• [Action item]:
Only the lines from the one with "Joha Fleecehose aus" through the last line of the material below belong in the answer, copied exactly and without pictures.

• [Data below]:
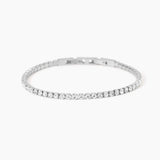 Pulsera Kidult tenis con circonitas blancas 831110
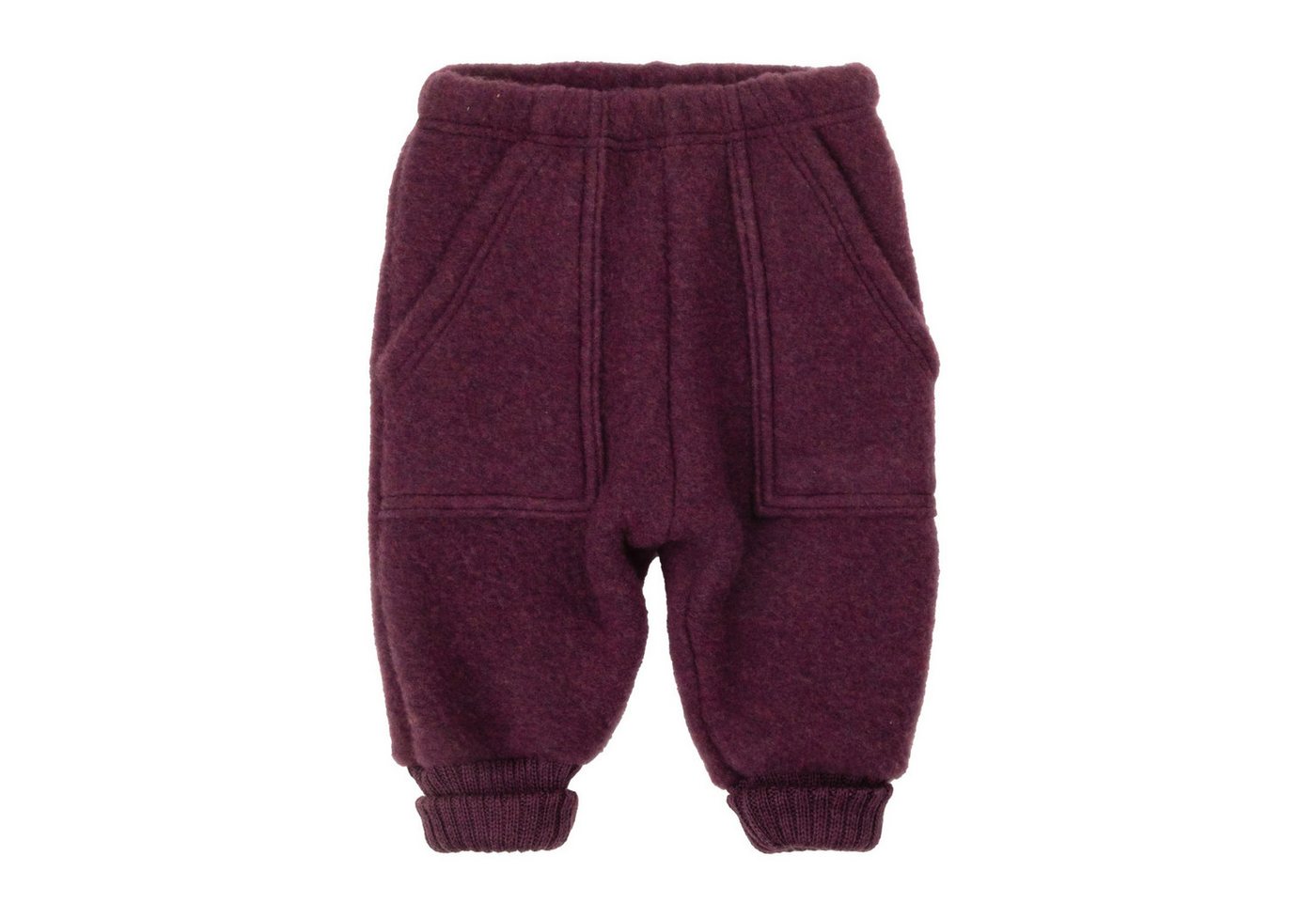 Joha Fleecehose aus Wollfleece Merinowolle von Joha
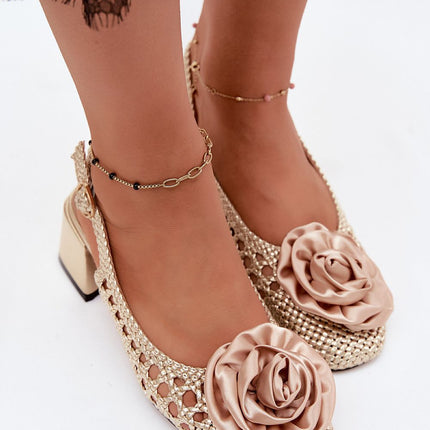 Step in Style Women's Heel Sandals - Comfortable, Elegant Design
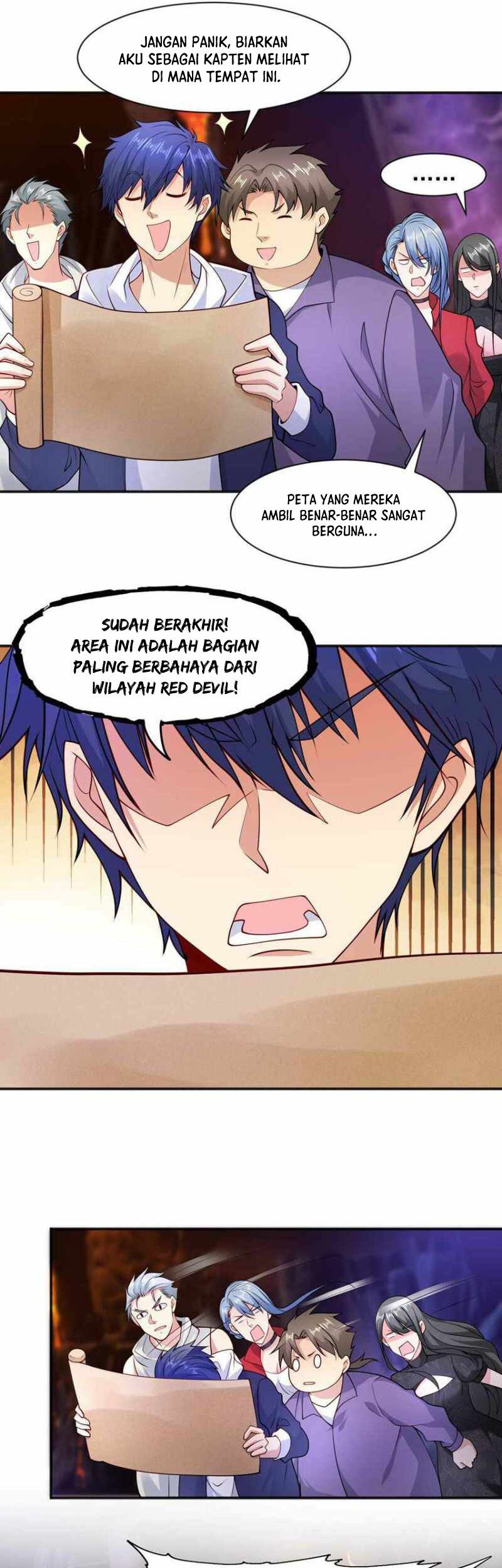 Awakening SSS-Rank Skill After A Kiss Chapter 21 Gambar 33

• [Solution below]:
 Joha Fleecehose aus Wollfleece Merinowolle von Joha
 Step in Style Women's Heel Sandals - Comfortable, Elegant Design
 Awakening SSS-Rank Skill After A Kiss Chapter 21 Gambar 33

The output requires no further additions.